And then Mom married Val and she wanted to take him along when we went out for our pizza evenings. Which meant not only Val, but coming home after dark with Val, even though I wasn’t alone with him. First time I said I had a headache and stayed home—and was tactful enough to be in bed when they got back, although I’d been reading by flashlight, and only turned it out when I heard the car in the driveway. Second time Mom phoned me at the shelter, and I said, more or less truthfully, that Clare had asked me to stay late. She had, but I could have made it home if I’d hustled.

Third time . . . I’d come through the door relatively cheerful and ready to tell everyone about how clever Mongo was. It would give me something to say, you know? It wasn’t like I was having a good time being a sullen teenager not adjusting to her mom’s second husband. It took me a minute to realize that all three of them were standing around like they were expecting to go somewhere. And then Mom said we were going to P&P. After a pause, while I could feel myself deflating like Mongo having been told to stop being a bakayaro and Go Lie Down, I said I wasn’t hungry.

“Maggie,” said my mother with an edge to her voice, “you have never not wanted to eat pizza in your entire life. Except when you have a headache,” she added grimly, “or have decided to stay later at the shelter than Clare asked you to.”

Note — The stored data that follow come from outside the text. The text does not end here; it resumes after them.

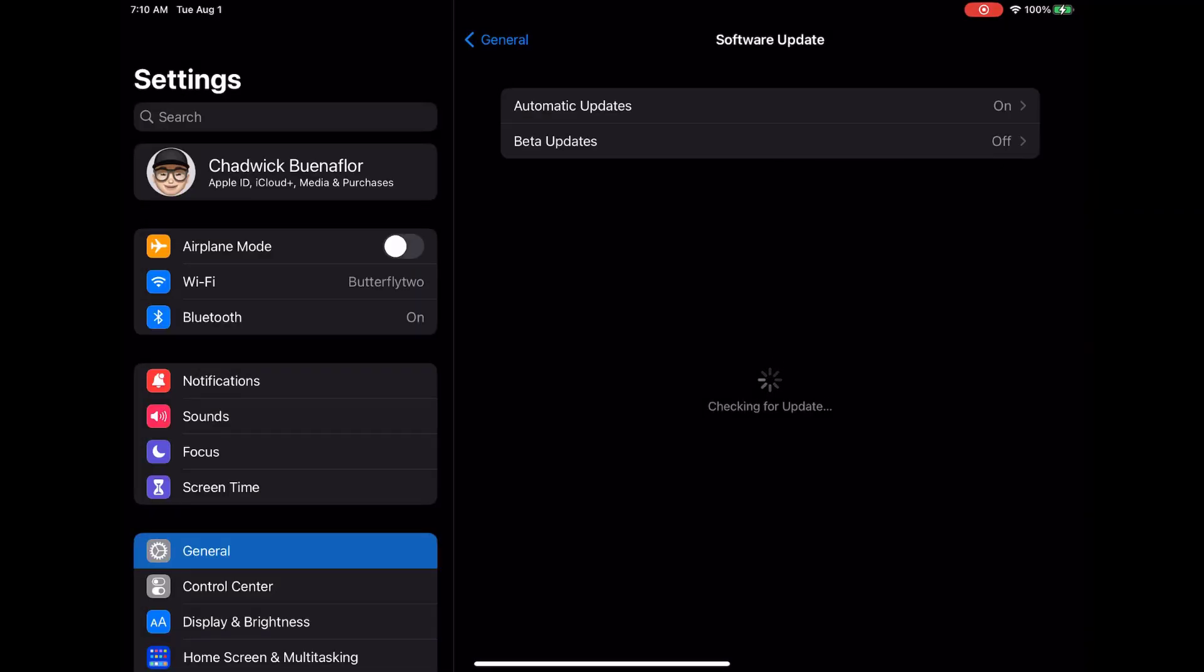Your iPad Pro will now search for any available updates. If a new software version is available it will appear on the screen. If an update is available tap download and install. Once the update is installed test the Wi-Fi to see if the issue is resolved.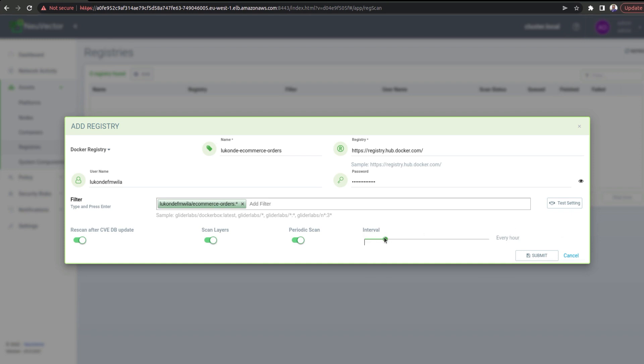Once that's all done, you can then choose the particular interval that you want. If you want to go ahead with periodic scans, which is definitely good, and of course, I want to be scanning the different layers for my images. So, I'm going to set this up for five-minute intervals.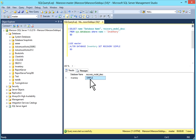In simple recovery model you will not be able to perform operations like log shipping, database mirroring, Always On, point-in-time restore, or data recovery. You can use simple recovery model when data is not critical and you do not need point-in-time recovery, when you can accept the risk of losing some data, when you can manage if data is corrupted, and you are comfortable losing data between the last backup and the current failure point.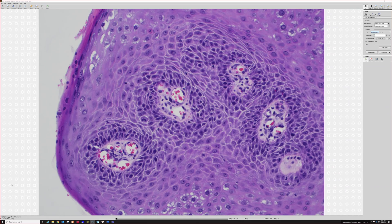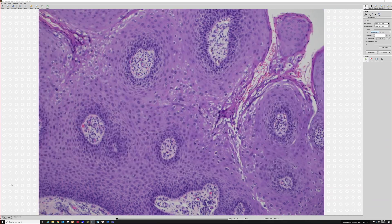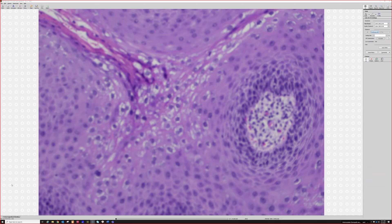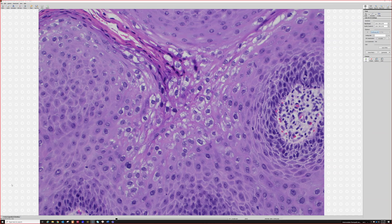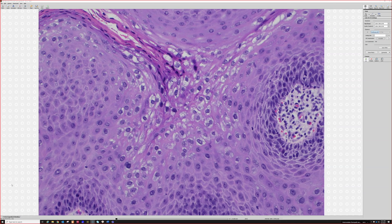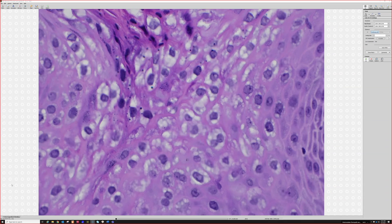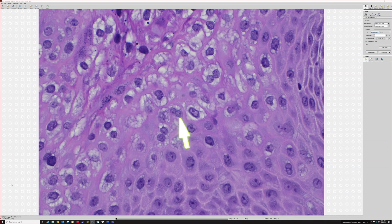Ideally I want to see koilocytes, and this particular case is loaded with them. Koilocytes are usually located in the upper spinous or the granular layer. They not only have pale or vacuolated cytoplasm, but also really large nuclei — and sometimes two nuclei sitting together inside one space. You can see a binucleated one right here.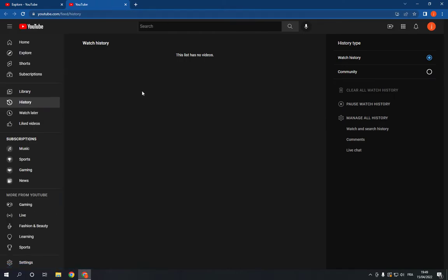Right here, go to Live Chat down below and click on it.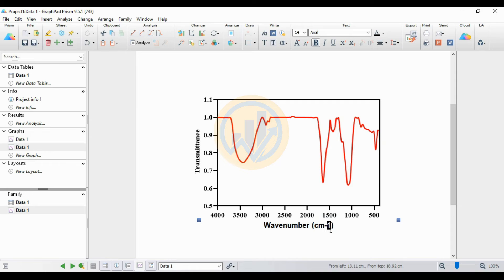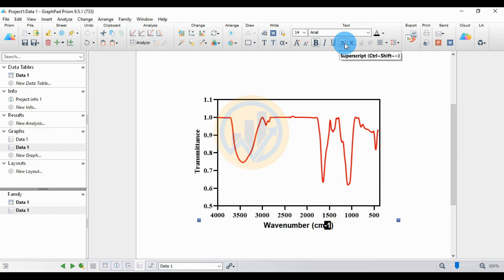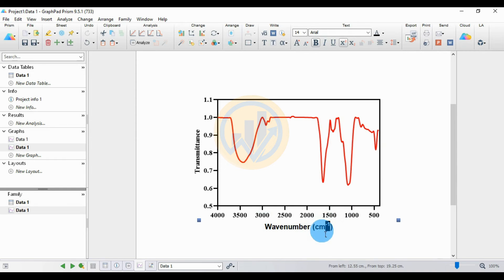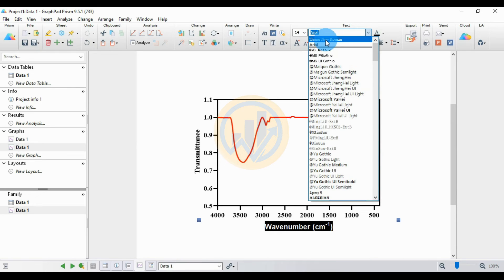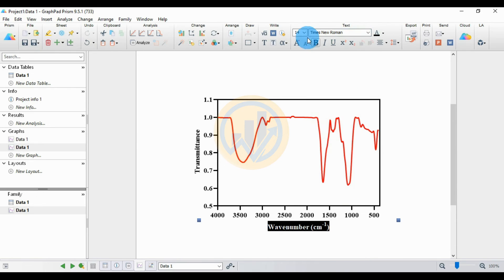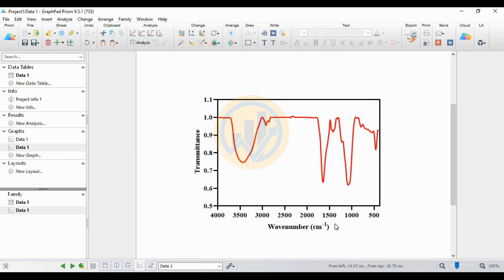Choose 'Format Text'. Select the minus one value and go to superscript using the x-squared click option, changing it to superscript. Then go to the font menu and set the size to 14. Apply this formatting to the wave number label, both vertical and horizontal.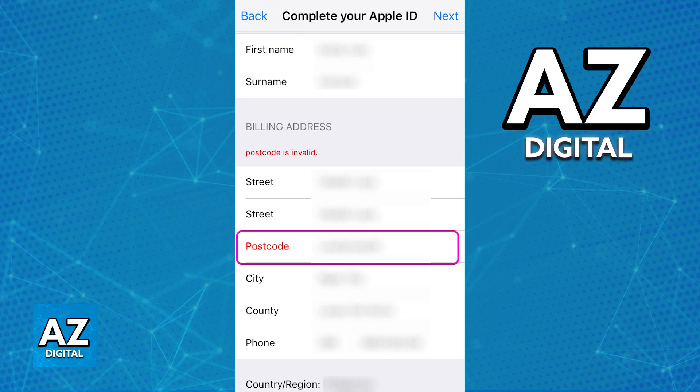This is where you can manage all the addresses currently attributed to your Apple ID and consequently your iPad. You will be able to change this at any time and you should keep in mind that your zip code should be the same one that you set up when you first created your account and also it should match up with your current address. Your billing address is usually the same as your normal address zip code.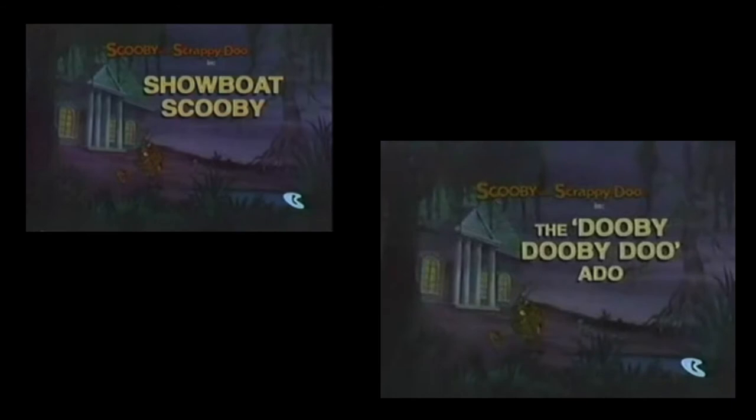But the other half of the time slot is the episode The Doobie-Doo-Doo-A-Doo, which has her brother, I think, Doobie-Doo.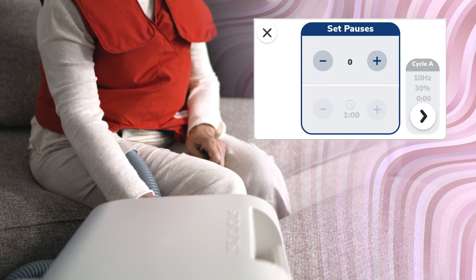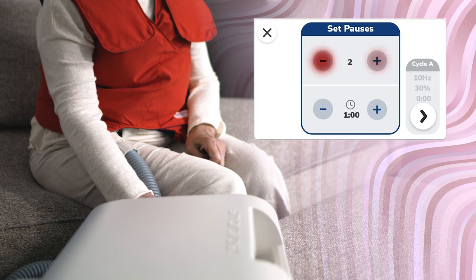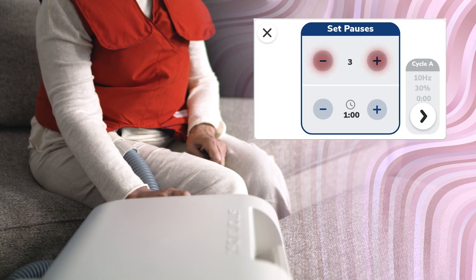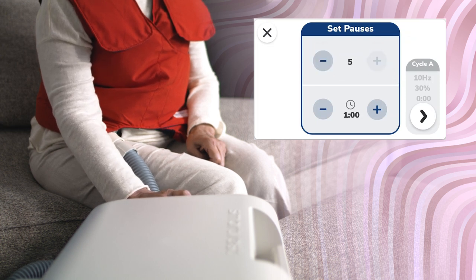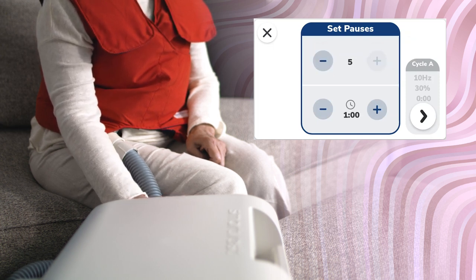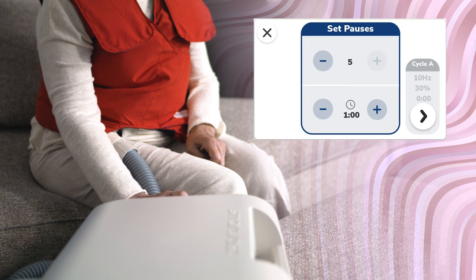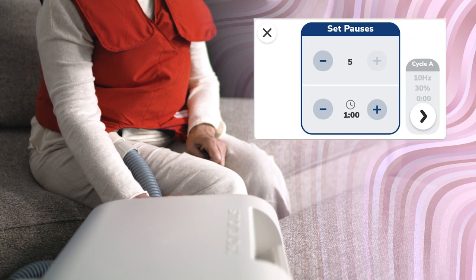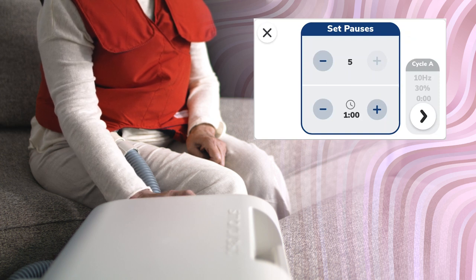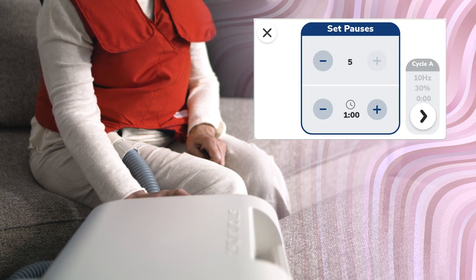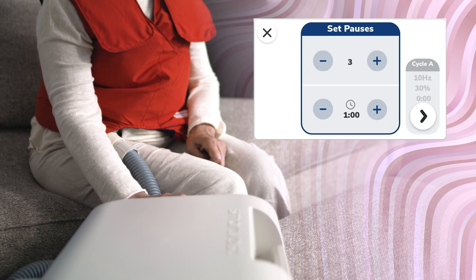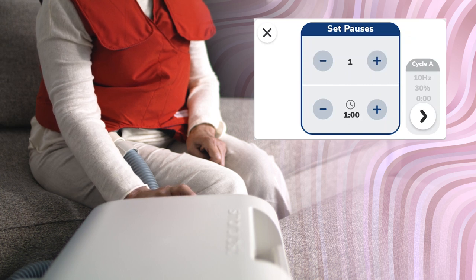To adjust the pauses, use the plus and minus buttons going from 0 to 5 to customize the number of pauses in therapy. A custom selected number of pauses will be evenly spaced out throughout the program duration based on the number selected, without regard to the cycles.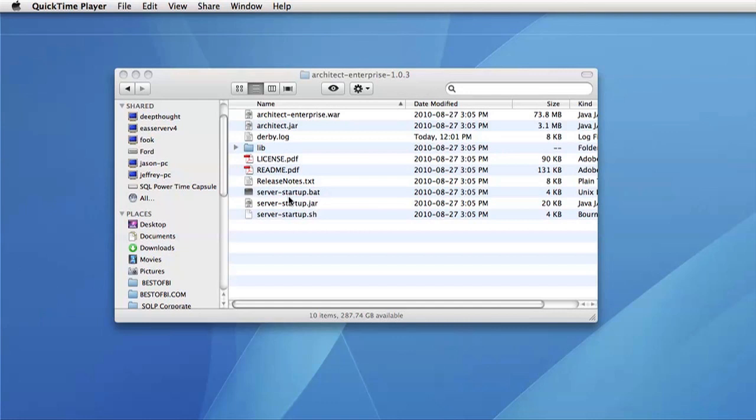The other two files of interest are the serverstartup.bat file and the serverstartup.sh file. These two files can be used to start up the server through Jetty. This will allow you to start up the server quickly if this is your first time.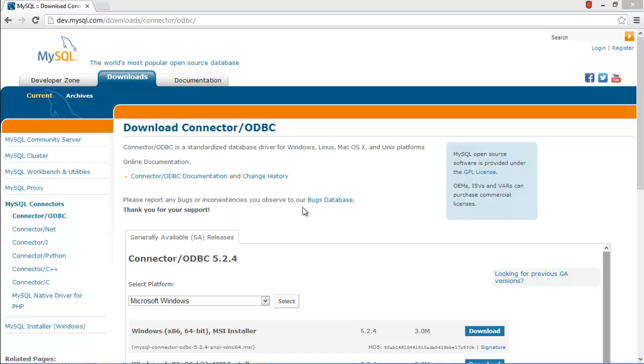In this tutorial we will teach you how to set the ODBC MySQL driver. ODBC stands for Open Database Connectivity. It is used to provide a connection to your database.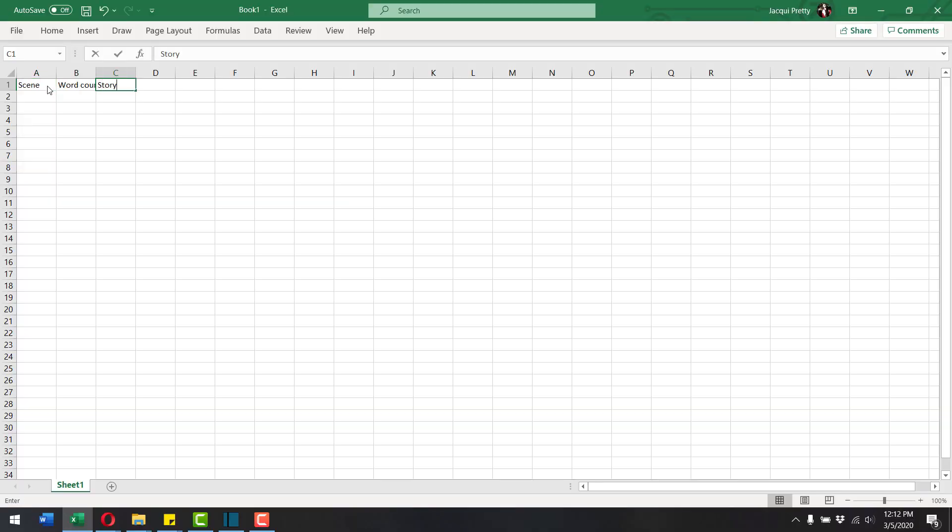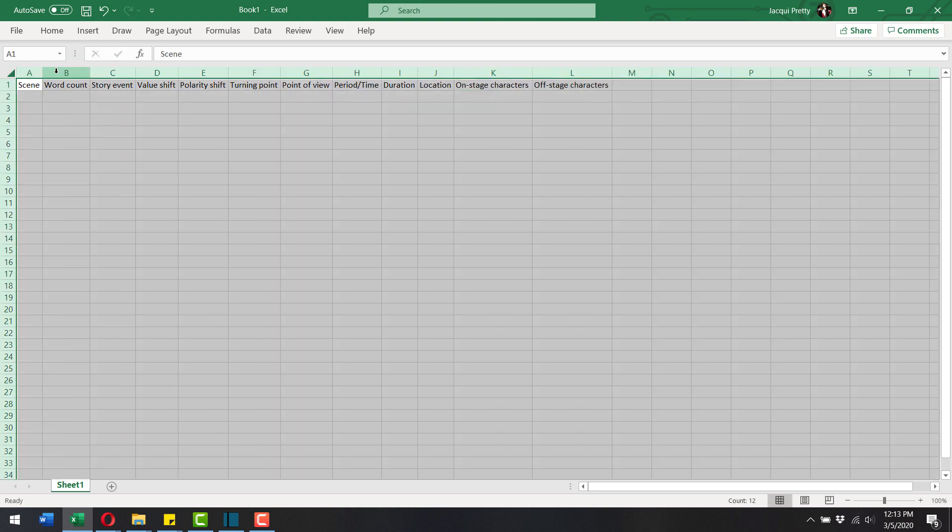To create the StoryGrid spreadsheet, open a blank spreadsheet and add the following labels to the columns: scene, word count, story events, value shift, polarity shift, turning point, point of view, period or time, duration, location, on-stage characters, and off-stage characters. Scene is the scene number. Word count is the word count of the scene. Because this is an editing tool, it's generally used once you've already written the book and helps you see how balanced your book is — for example, if some scenes are 800 words and some are 5,000 words and that's not intentional, that probably means something is off with the balance of your book.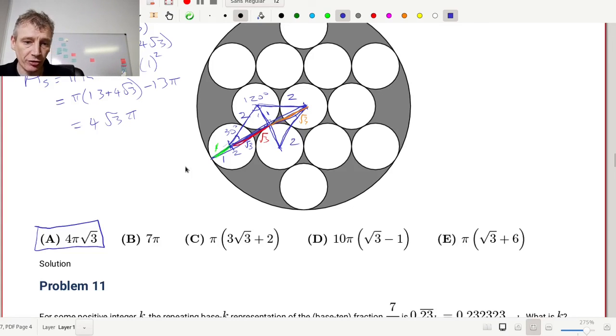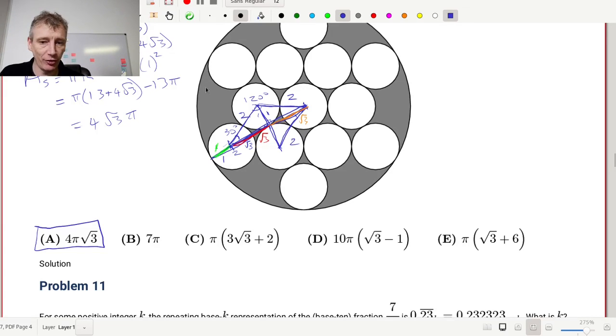Okay, next time we're going to do the next probably five problems because these are quite long. The idea is to give you a general feel for how you attack these problems and some of the types of math you'll come across. We'll take it further next time. Until then, happy mathing!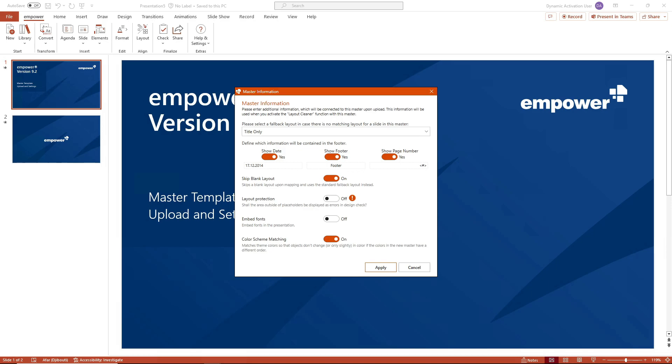If you select the layout protection option, the design check will display all elements that are outside the placeholders on a slide as a violation. This requires that areas for layout protection have also been defined in the master.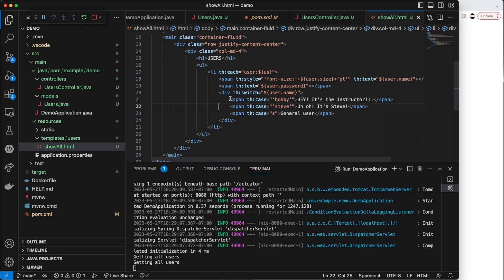Now there's so much more that we can talk about for Thymeleaf, but I want you to take a look at the reference that I posted in the description below. In the upcoming videos, we're actually going to do some more of these Thymeleaf programming constructs. That's all I have for this video. Thank you for watching — I'll see you in the next video.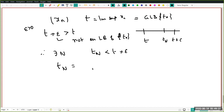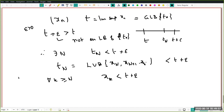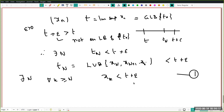So there exists an N such that T_N is strictly less than t plus epsilon. Now T_N is the least upper bound of {x_N, x_{N+1}, ...}. Therefore the LUB itself is less than t plus epsilon, which means for all k greater than or equal to N, x_k is less than t plus epsilon. So if t is the lim sup of x_n, given any epsilon I can find a natural number N such that for all k ≥ N, x_k < t + epsilon.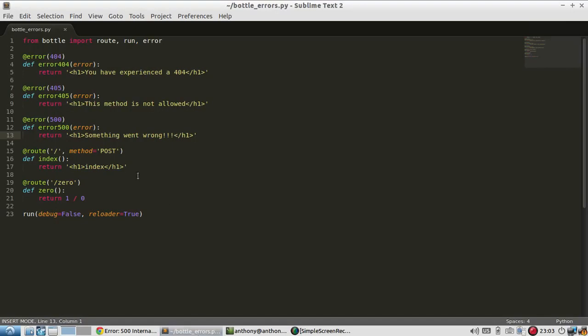So as you can see, having your own errors in Bottle is really easy. You just have to treat them as kind of like routes. But they only get called in the case of an error.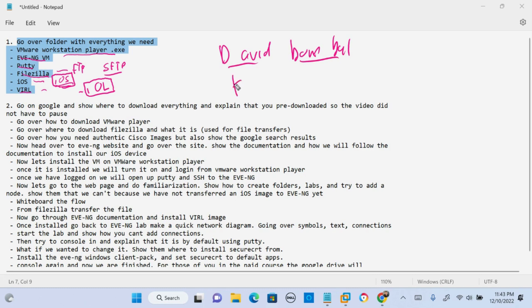Another guy, Knox Hutchinson. EVE-NG actually uses his documentation on their actual website, which I'll show you.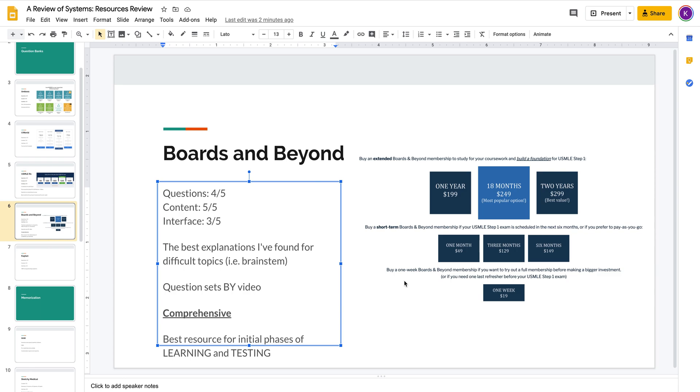they have a certain conceptual framework that it doesn't really make sense to just go pure memorization. And in those situations, what you really want to do is have somebody who understands it really well explain it to you in the simplest way that they can. And that's what Dr. Ryan does with Boards and Beyond.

I flinched. I’d tried to keep Clare out of my problems. I stared at my hands, hoping that my stomach wouldn’t choose that moment to growl. I was hungry. I was enormously, takusan hungry, and I hoped they’d leave soon so I could get to the refrigerator before I fainted or something. I’d had lunch but it seemed like several years ago. I would love a pizza. I even started to think about going and making my mother happy. Or less angry anyway. But I raised my eyes and involuntarily met Val’s. He was looking at me with that cautious, wary expression he usually had when he looked at me. His shirt looked like something out of one of the dog beds at the shelter.

He was standing in front of the wall between the kitchen and the front hall, where usually Mom’s grandmother’s quilt hung on a long rail. But she’d taken it down for mending—it was so old it kept trying to disintegrate, but Mom would sew it up again and put it back on the rail. If the quilt had been there I wouldn’t have seen much.

But tonight as I met Val’s eyes this great writhe of shadows erupted up the empty white wall behind him. It was so startling I gasped and stepped back.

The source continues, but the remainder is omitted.